Op verzoek van de AI is de Inspectie Openbare Orde en Veiligheid (IOOV) ingeschakeld bij het
deelonderzoek ten aanzien van de communicatie tussen de hulpverleners en slachtoffers. Tussen de
beide Inspecties is afgesproken dat het deelonderzoek van de IOOV zich zal richten op de
omstandigheden bij de communicatie en dat alleen aspecten van de hulpverlening zullen worden
onderzocht voor zover deze betrekking hebben op de vraag over de communicatie.

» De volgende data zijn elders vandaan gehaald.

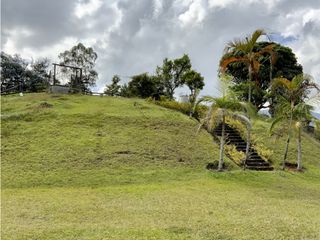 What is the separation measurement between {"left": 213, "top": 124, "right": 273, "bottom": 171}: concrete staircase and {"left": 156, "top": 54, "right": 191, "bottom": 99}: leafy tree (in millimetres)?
18879

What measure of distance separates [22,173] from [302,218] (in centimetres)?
1124

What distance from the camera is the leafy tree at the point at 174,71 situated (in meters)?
44.2

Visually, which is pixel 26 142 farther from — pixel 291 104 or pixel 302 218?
pixel 302 218

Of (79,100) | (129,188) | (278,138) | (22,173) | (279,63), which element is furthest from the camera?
(279,63)

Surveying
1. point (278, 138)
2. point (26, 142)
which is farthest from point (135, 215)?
point (278, 138)

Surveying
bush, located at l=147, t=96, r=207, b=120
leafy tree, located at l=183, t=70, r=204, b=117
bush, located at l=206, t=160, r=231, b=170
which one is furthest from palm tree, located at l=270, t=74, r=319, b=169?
leafy tree, located at l=183, t=70, r=204, b=117

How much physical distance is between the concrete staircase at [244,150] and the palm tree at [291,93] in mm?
1050

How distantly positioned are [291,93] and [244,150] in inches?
161

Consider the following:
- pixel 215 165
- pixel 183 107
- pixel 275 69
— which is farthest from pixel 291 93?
pixel 275 69

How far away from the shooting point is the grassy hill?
952 cm

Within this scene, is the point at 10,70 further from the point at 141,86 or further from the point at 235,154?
the point at 235,154

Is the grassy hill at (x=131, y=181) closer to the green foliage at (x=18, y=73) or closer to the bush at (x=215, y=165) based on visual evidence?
the bush at (x=215, y=165)

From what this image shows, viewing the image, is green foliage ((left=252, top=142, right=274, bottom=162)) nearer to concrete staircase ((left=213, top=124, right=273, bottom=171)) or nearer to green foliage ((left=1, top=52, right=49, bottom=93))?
concrete staircase ((left=213, top=124, right=273, bottom=171))

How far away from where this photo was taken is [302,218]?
35.3ft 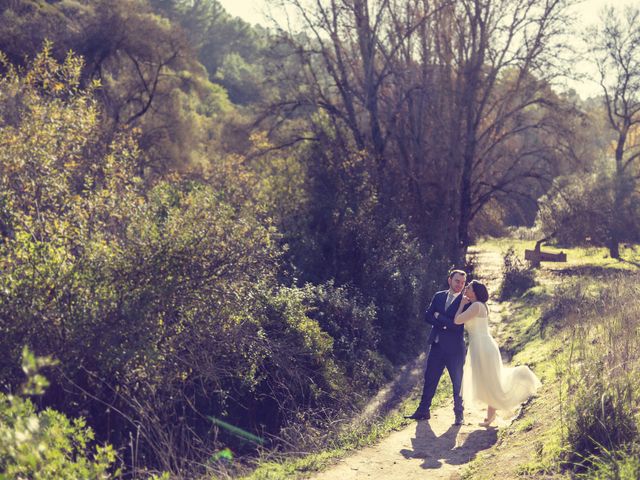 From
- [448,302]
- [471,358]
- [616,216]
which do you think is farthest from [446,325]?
[616,216]

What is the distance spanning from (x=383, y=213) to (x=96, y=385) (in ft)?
40.2

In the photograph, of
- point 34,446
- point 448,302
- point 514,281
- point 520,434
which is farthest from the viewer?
point 514,281

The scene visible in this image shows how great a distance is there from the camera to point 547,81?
91.7ft

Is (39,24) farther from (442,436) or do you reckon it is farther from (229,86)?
(229,86)

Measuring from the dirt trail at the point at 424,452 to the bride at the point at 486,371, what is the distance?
45cm

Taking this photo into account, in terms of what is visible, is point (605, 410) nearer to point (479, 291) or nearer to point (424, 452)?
point (424, 452)

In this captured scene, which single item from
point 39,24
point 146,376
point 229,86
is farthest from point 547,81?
point 229,86

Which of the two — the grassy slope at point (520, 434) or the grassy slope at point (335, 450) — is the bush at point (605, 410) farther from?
the grassy slope at point (335, 450)

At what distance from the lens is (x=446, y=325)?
989 cm

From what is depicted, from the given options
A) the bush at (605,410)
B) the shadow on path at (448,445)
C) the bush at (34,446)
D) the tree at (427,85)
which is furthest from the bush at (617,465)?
the tree at (427,85)

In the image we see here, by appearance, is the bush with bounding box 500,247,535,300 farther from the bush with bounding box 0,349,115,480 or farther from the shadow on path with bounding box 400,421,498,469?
the bush with bounding box 0,349,115,480

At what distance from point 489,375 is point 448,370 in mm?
575

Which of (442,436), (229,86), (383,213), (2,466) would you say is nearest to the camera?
(2,466)

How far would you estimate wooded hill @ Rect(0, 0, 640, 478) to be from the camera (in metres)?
9.55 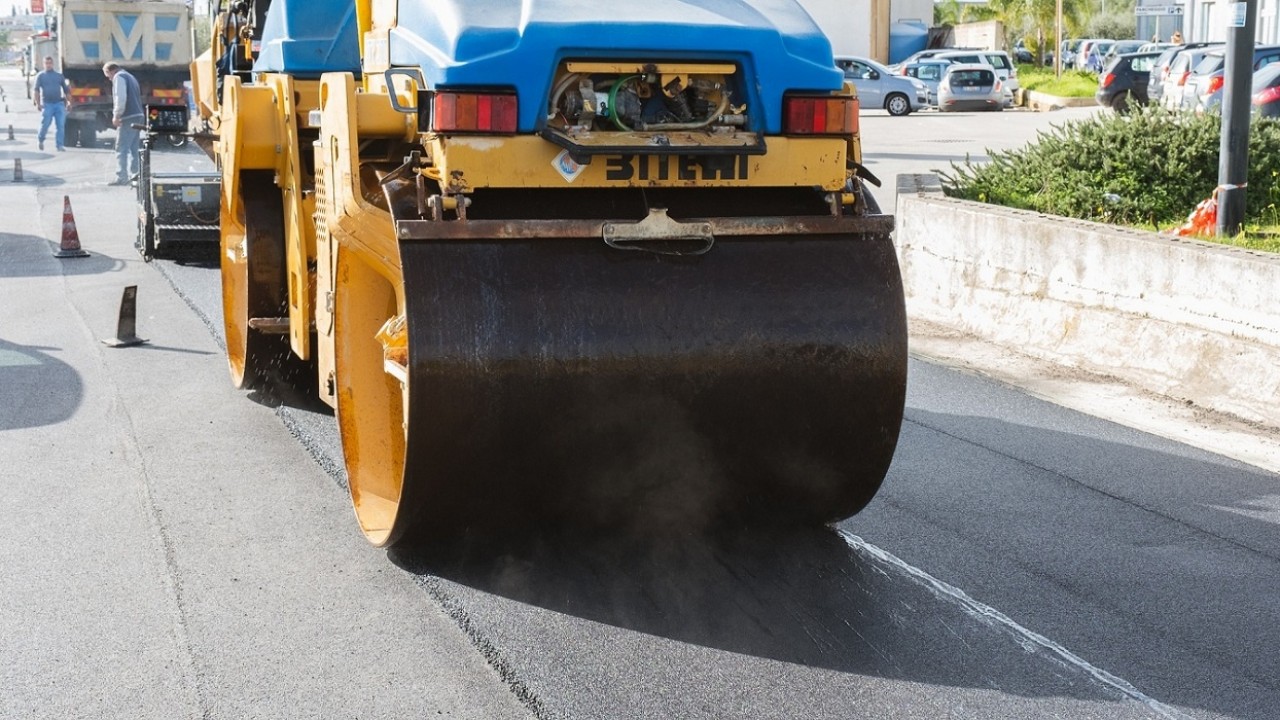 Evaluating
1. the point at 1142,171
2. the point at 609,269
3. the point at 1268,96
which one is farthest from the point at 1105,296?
the point at 1268,96

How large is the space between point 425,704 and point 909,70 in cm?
4026

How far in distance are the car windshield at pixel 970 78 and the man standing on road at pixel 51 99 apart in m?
21.7

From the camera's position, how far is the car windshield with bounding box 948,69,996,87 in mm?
38969

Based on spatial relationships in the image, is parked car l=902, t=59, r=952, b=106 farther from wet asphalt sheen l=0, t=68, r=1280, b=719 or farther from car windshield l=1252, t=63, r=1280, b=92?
wet asphalt sheen l=0, t=68, r=1280, b=719

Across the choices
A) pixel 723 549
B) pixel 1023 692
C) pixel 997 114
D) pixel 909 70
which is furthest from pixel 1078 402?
pixel 909 70

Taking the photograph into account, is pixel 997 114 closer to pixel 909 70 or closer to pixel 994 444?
pixel 909 70

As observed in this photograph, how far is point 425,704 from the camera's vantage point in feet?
14.6

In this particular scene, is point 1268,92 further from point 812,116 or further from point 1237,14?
point 812,116

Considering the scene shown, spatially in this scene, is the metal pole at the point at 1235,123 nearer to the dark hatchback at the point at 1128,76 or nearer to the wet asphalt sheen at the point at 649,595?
the wet asphalt sheen at the point at 649,595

Vooruitlopend op het deelonderzoek is nagegaan wat de strekking is van de zinsnede in de brief van
de vaste commissie SZW, ...,via de media vernomen, gebrekkige communicatie tussen de
hulpverleners en de slachtoffers....
Navraag bij de AI, de gemeente Geertruidenberg en bestudering van een groot aantal geschreven
media-artikelen heeft geen nadere gegevens opgeleverd waaruit blijkt dat er in de media melding is
gemaakt van gebrekkige communicatie. Desondanks heeft de IOOV een onderzoek ingesteld naar de
aspecten tijdens de hulpverlening waarbij de communicatie tussen de hulpverleners en de slachtoffers
een rol kan hebben gespeeld.
Het deelonderzoek
Het doel van het deelonderzoek is een inzicht te verkrijgen in de communicatie tussen de
hulpverleners en de slachtoffers. Daarbij is inbegrepen de effectiviteit van de toegepaste
communicatiemethoden en middelen.
Het deelonderzoek is uitgevoerd bij de direct betrokken hulpverleners van de brandweer (gemeentelijk
en van het energiebedrijf Essent), de politie, de ambulancedienst en slachtoffers. Van deze
hulpverleningsdiensten zijn vertegenwoordigers geïnterviewd door middel van een persoonlijke
gesprek of een telefonisch onderhoud. Aan de enige geredde Turkse gritstraler zijn telefonisch enkele
vragen voorgelegd. Een vertegenwoordiger van het bedrijf van de Amerikaanse lassers heeft namens
hen informatie verschaft.
---
Daarnaast is informatie verkregen uit enkele processen verbaal van politieverhoren, de verslagen van
het operationele team (OT), gegevens van de Gemeenschappelijke Alarmcentrale West Brabant en
artikelen van de geschreven media.
Het verslag van het deelonderzoek
In dit verslag wordt eerst een globale schets van de hulpverlening gegeven. Hierbij wordt geen totaal
en compleet beeld van de hulpverlening (zoals de besluitvorming, de methodiek, taktiek en uitvoering)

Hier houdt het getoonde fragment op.